┌─ GIVEN DATA

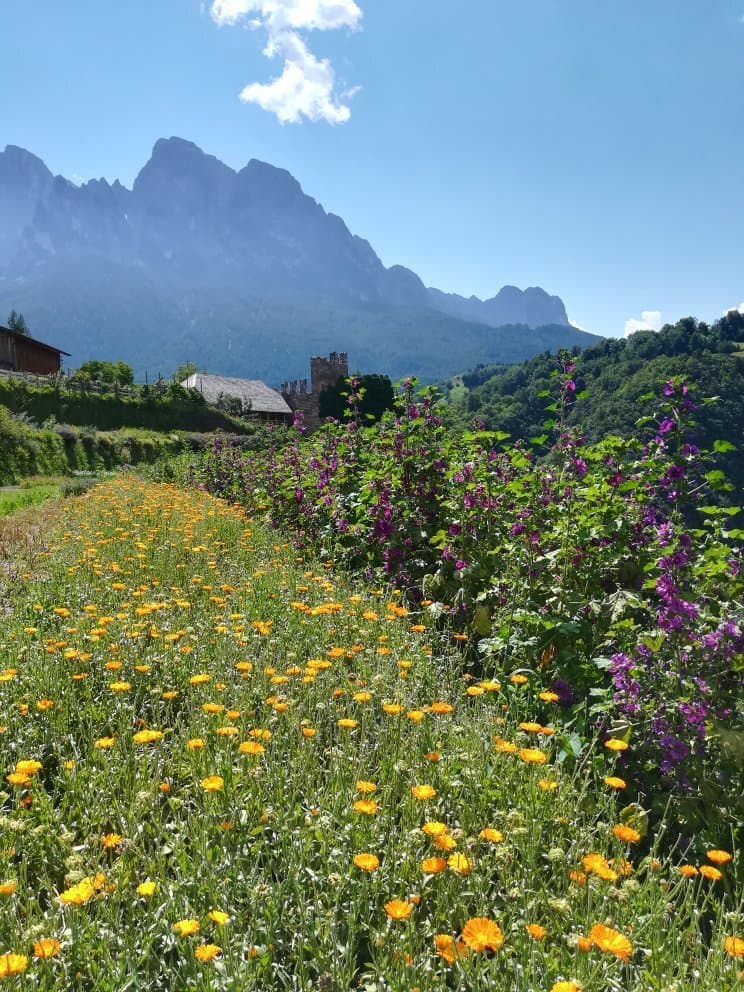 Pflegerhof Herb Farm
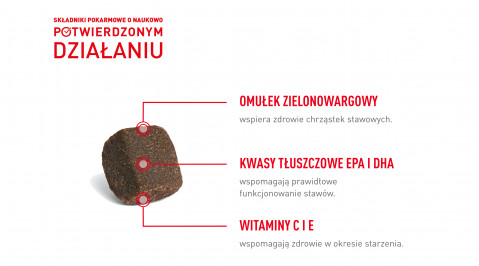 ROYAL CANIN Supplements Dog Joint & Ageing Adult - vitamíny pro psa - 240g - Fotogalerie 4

└─
┌─ GIVEN DATA

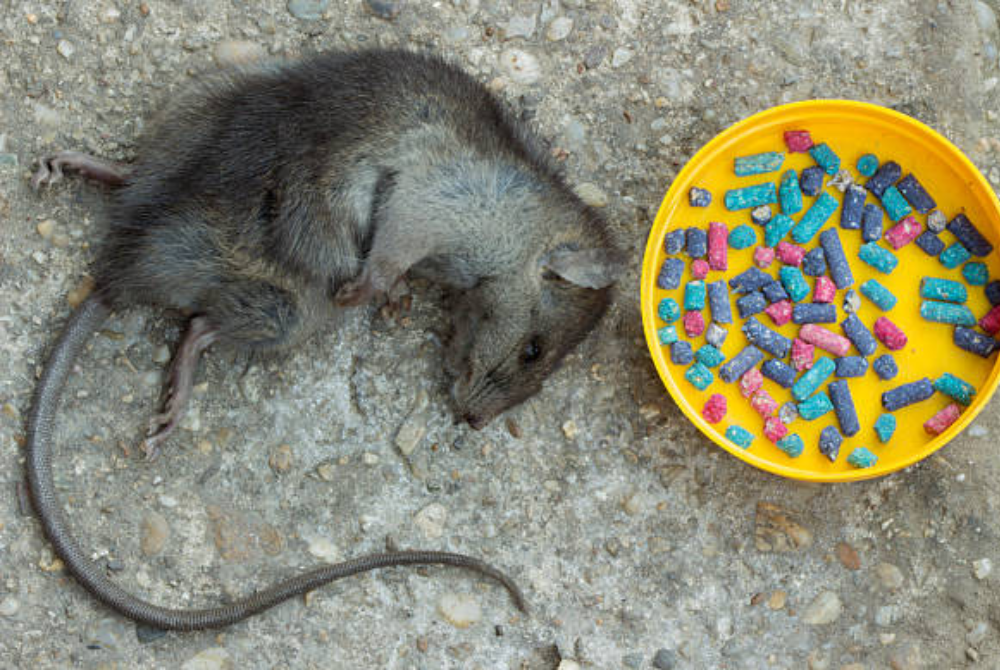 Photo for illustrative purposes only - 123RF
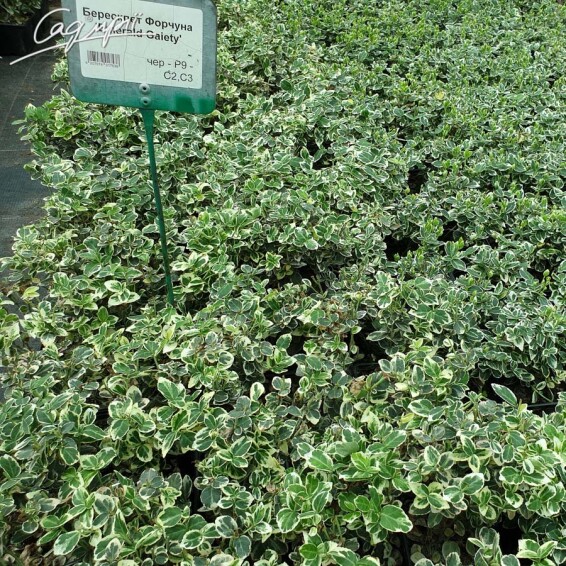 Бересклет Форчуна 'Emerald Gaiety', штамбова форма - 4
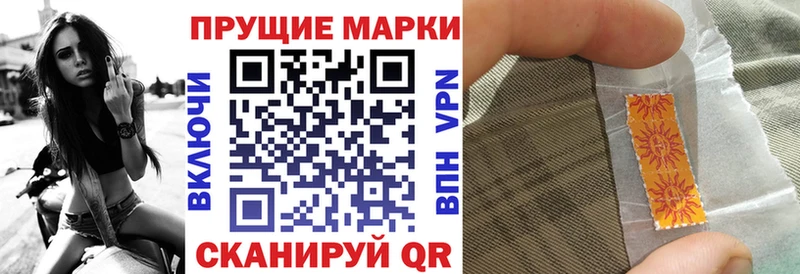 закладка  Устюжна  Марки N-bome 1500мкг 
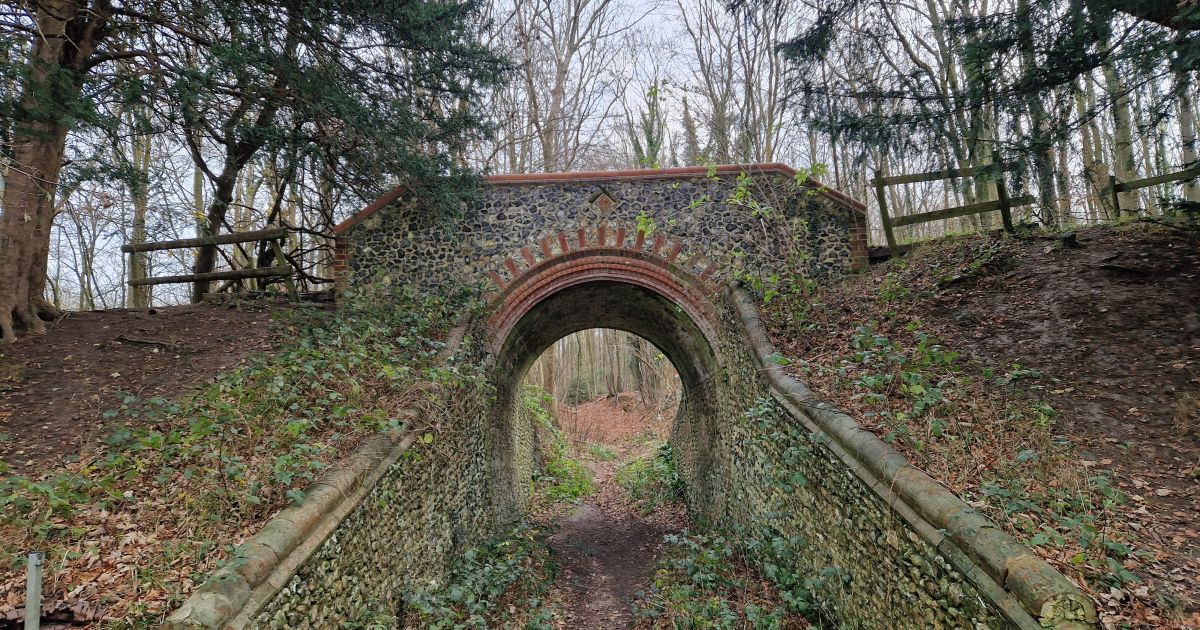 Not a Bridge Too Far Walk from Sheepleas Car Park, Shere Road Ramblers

└─

Nothing but the lines above from the line with "Pflegerhof Herb Farm" up to and including the line with "ROYAL CANIN Supplements" should be returned, exactly as written and without pictures.

§ RESULT BELOW:
 Pflegerhof Herb Farm
 ROYAL CANIN Supplements Dog Joint & Ageing Adult - vitamíny pro psa - 240g - Fotogalerie 4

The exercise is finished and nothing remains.